**PROVIDED RECORDS**

+ + + +

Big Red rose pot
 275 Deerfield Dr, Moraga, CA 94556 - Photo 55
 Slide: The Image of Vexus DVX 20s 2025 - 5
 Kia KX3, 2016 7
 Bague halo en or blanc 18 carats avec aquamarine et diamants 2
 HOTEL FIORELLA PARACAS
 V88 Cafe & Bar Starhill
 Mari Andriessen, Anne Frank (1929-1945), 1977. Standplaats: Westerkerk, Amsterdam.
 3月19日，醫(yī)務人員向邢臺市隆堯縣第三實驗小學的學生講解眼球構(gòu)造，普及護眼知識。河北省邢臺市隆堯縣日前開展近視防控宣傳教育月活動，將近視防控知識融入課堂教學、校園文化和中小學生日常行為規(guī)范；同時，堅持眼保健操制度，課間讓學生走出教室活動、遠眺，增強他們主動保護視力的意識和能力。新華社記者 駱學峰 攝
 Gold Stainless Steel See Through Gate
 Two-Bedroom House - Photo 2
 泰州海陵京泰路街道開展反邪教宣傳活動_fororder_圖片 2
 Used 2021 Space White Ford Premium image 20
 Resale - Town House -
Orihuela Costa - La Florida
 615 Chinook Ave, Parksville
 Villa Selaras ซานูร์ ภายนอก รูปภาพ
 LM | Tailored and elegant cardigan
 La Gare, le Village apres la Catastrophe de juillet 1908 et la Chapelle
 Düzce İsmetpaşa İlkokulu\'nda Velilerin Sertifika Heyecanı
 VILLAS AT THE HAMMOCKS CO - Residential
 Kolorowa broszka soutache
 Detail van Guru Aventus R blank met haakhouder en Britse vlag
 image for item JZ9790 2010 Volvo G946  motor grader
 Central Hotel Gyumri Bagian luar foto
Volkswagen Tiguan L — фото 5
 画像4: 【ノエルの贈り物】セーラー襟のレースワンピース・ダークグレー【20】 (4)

+ + + +

**EXERCISE PROMPT**
If the string "House" appears in a line of the entries, report the line.

**OUTPUT OF THE TASK**
 Two-Bedroom House - Photo 2
 Resale - Town House -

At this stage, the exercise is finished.